--- Recorded data Enclosed Below ---

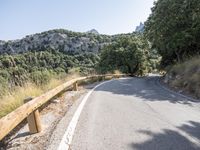 the road goes down a mountain with tall trees in the back ground and a bench next to the side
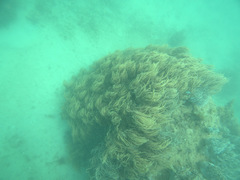 Sclerophytum flexibilis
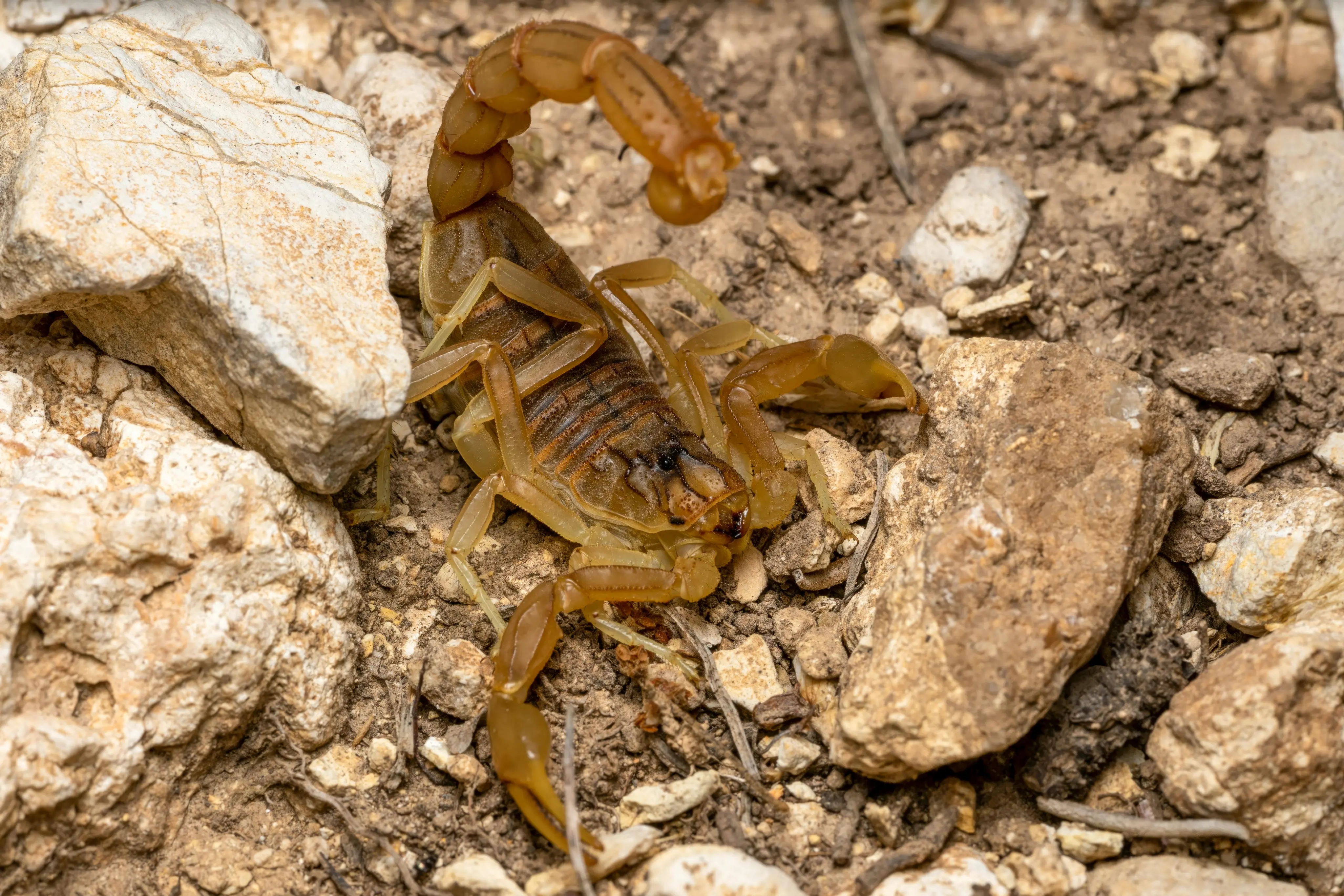 Alacranes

--- End of Enclosed Recorded data ---

Once the pictures are removed, repeat all of the data above exactly.

 the road goes down a mountain with tall trees in the back ground and a bench next to the side
 Sclerophytum flexibilis
 Alacranes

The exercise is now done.